Diego’s work has been exhibited internationally in the U.S.A, Germany, Ireland, U.K., France, and Mexico and has also received worldwide press coverage. He has been awarded the Lumen Prize in the Still Image category, an Honorable Mention in Hybrid Art at the Prix Ars Electronica and has thrice been a Young Creators Fellow from the Mexican Government.

Apart from his art practice Trujillo Pisanty has also worked as a researcher in Human-Computer Interaction and as a lecturer in physical computing, robotics and smart materials.

Website
http://trujillodiego.com


“Uncertainty & Collapse”

Installation

Uncertainty & Collapse is an artwork using quantum computing to generate images about ongoing crises. Its title references Heisenberg’s Uncertainty Principle and wavefunction collapse suggesting that these two words also speak to the state of a world where climate change, war, inequality, displacement, and border issues exist in a suspended state between unrealized threat and lived reality. The piece relies on custom software that calculates the probability of a pixel being either black or white across a dataset of images scraped from news sources relevant to the local communities where the work is being exhibited.

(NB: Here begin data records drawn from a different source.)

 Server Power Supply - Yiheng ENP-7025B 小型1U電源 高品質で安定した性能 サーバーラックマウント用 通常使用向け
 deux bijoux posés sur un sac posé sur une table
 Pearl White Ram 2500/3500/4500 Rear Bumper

These probabilities are encoded as qubit states on real quantum hardware where measurement causes the quantum state to collapse into either a black or white value. The possible images depend on the news cycle and shift constantly, revealing a fragmented, evolving portrait of the world that embraces uncertainty in its aesthetics and production process.

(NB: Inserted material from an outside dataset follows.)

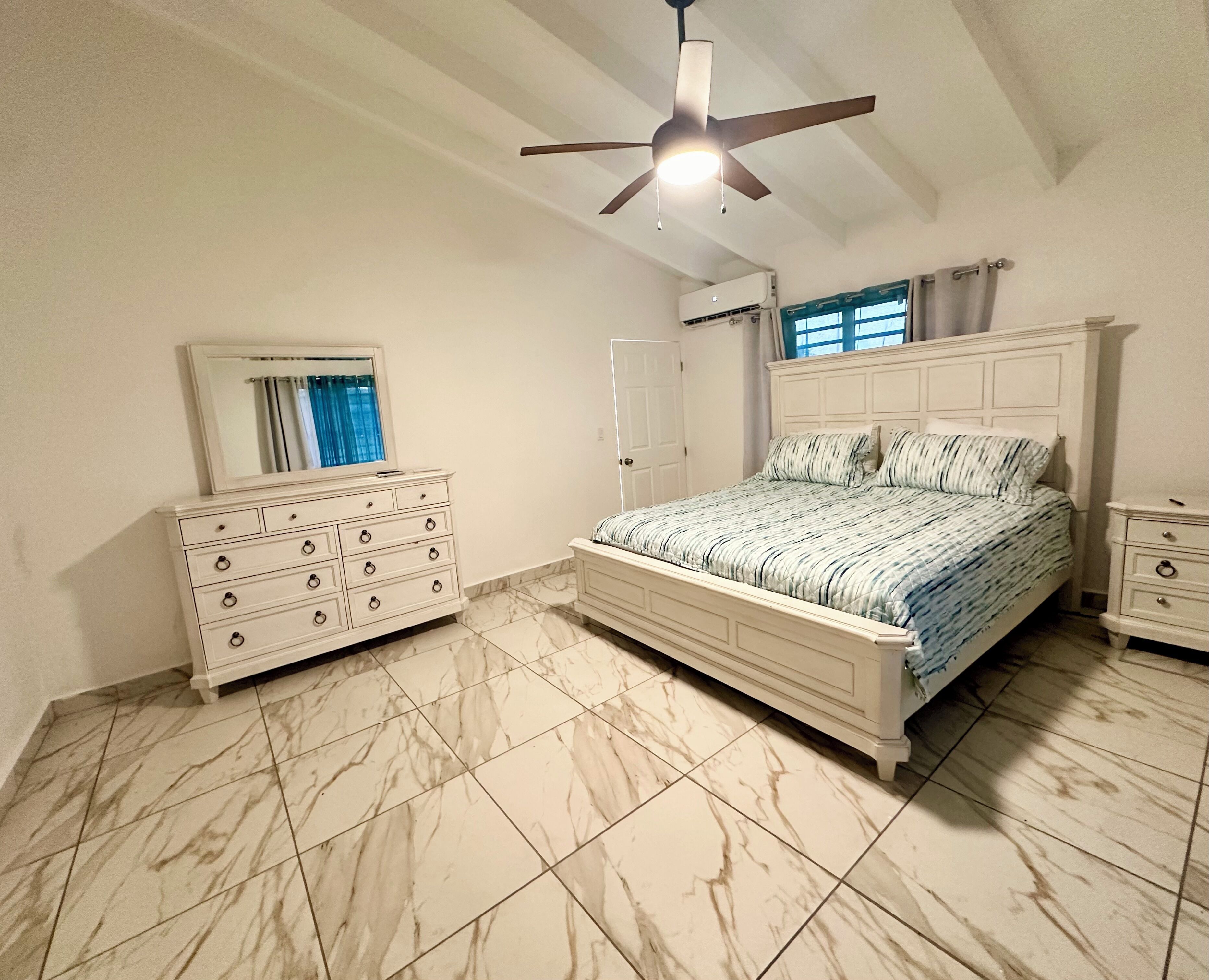 2 soverom, strykejern/-brett, wi-fi (inkludert) og sengetøy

When visitors encounter the piece, they see a flickering LED display module. Above the panel is a small camera that detects a visitor’s gaze, when seen the screen generates a new image. When ignored for some time, it returns to flickering.

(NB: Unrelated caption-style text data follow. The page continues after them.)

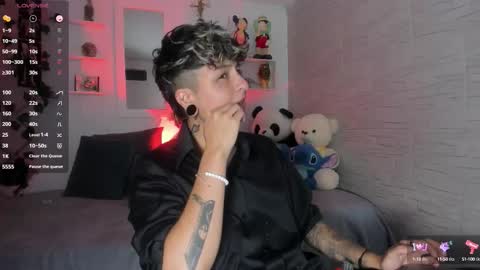 Snapshot of zuryramirez_ chatting on 13, 10, 2025 Zury Ramirez online show from 13, 10, 2025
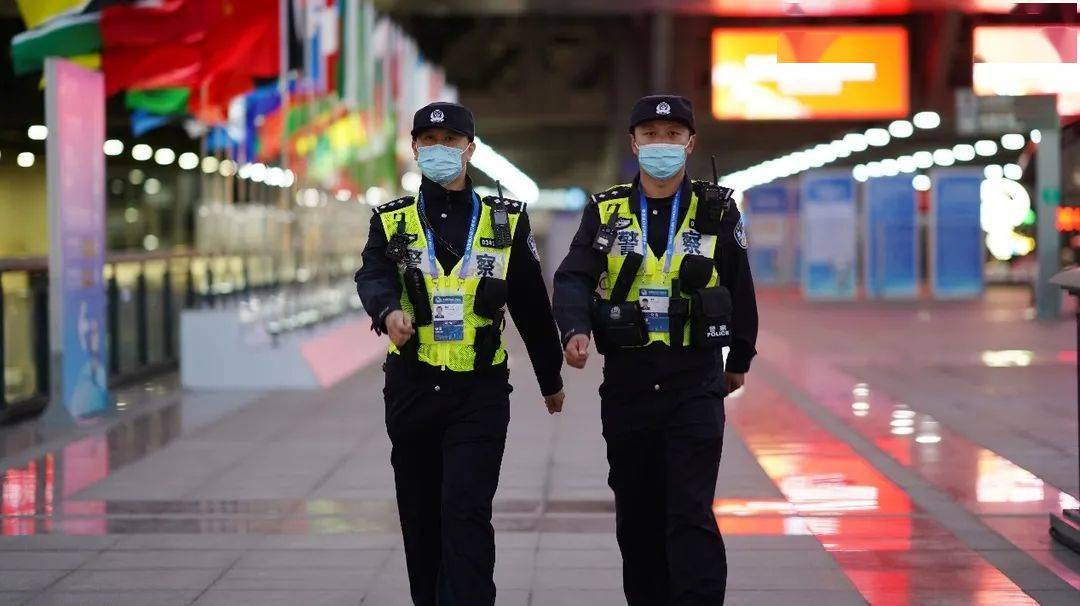 平安上海警察蓝护航进博的故事每天都是ing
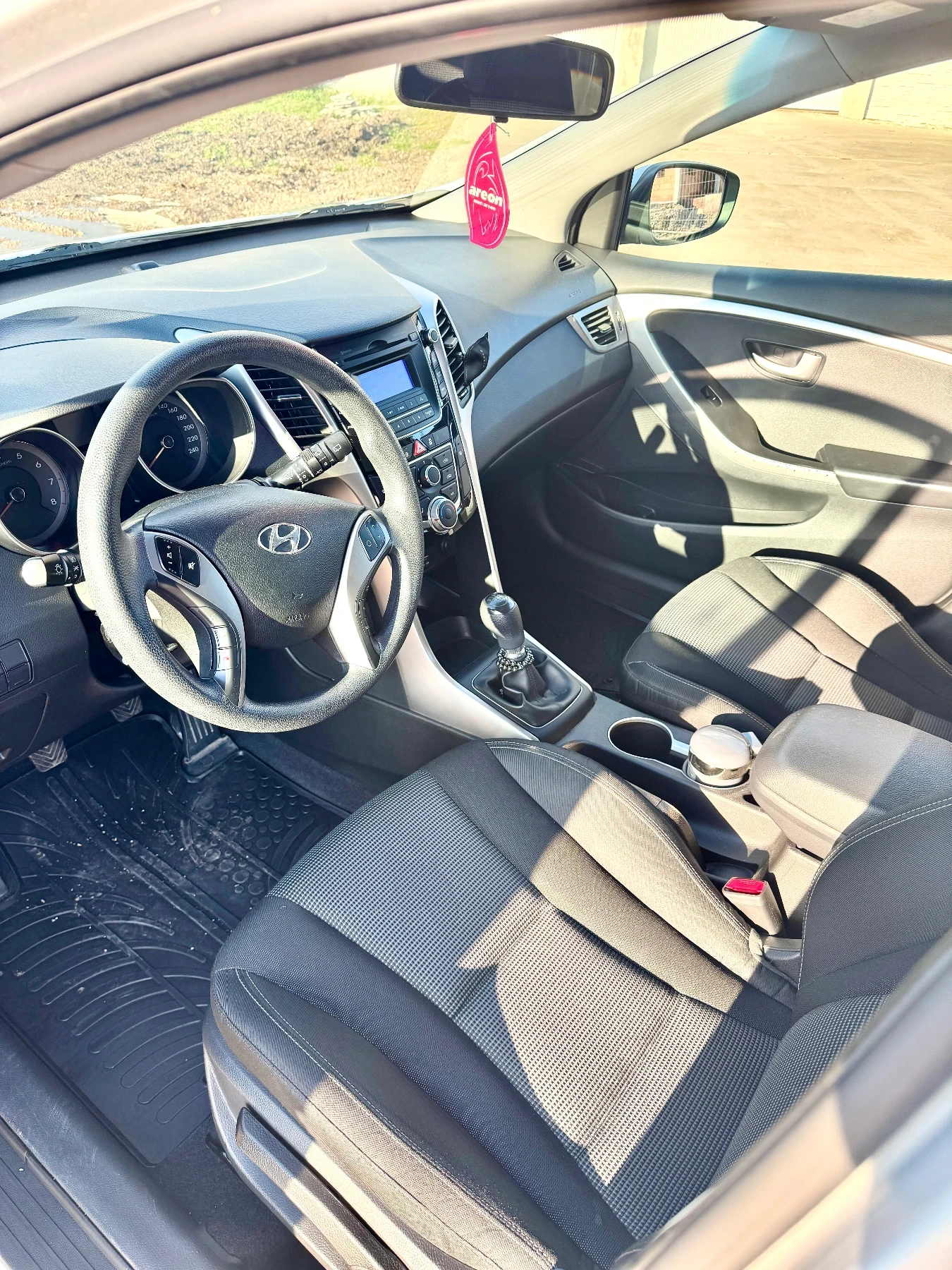 Hyundai I30, снимка 9 - Автомобили и джипове - 54101307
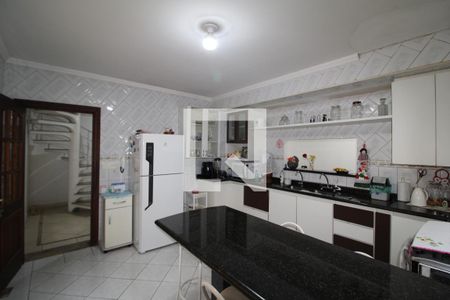 Casa à venda com 320m², 5 quartos e 8 vagasCozinha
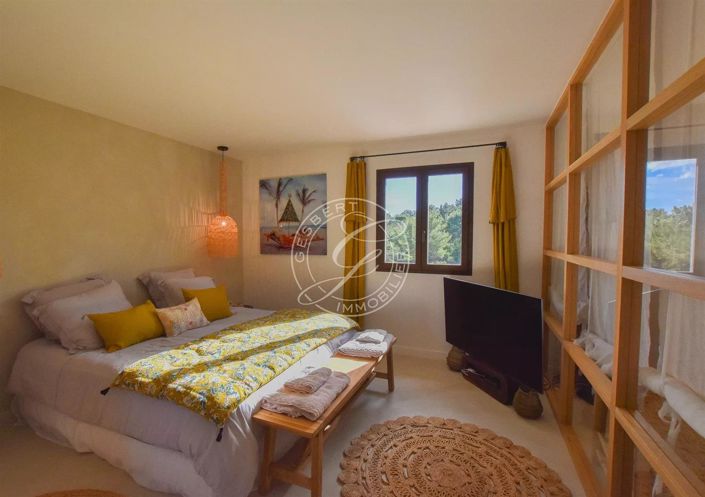 Image No.23-3 Bed House for sale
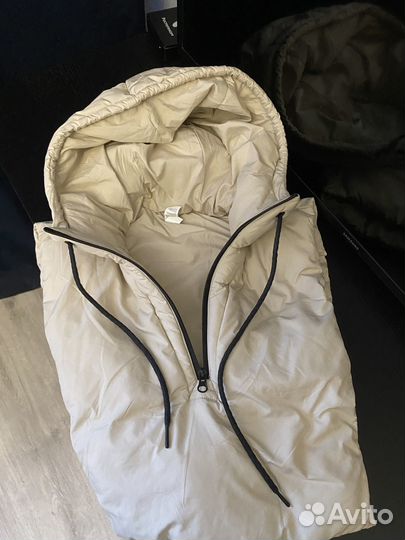 Манишка с капюшоном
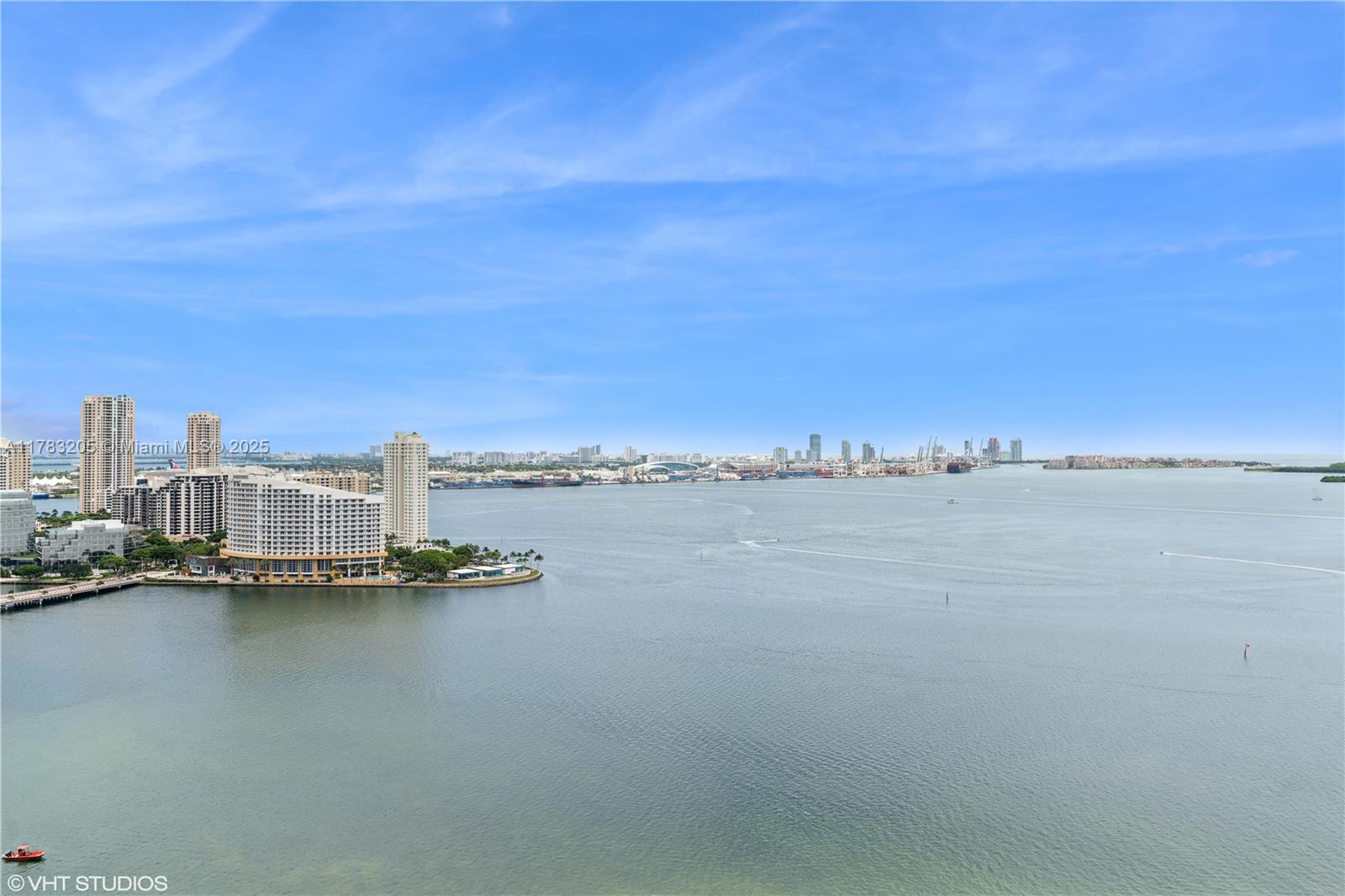 1331 Brickell Bay Dr 2802, Miami, Broward County, Florida - 2 Bedrooms  
2 Bathrooms -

Uncertainty and Collapse pioneers the adoption of quantum computing in digital art by exploring how quantum ideas can encourage us to observe in minute detail in order to reduce ambiguity. The fact that the piece’s code is being developed by an artist resists traditional engineering metrics of clarity, efficiency, and legibility. It proposes an alternative relationship to technology that invites us to look, knowing that the act of looking alters what is seen.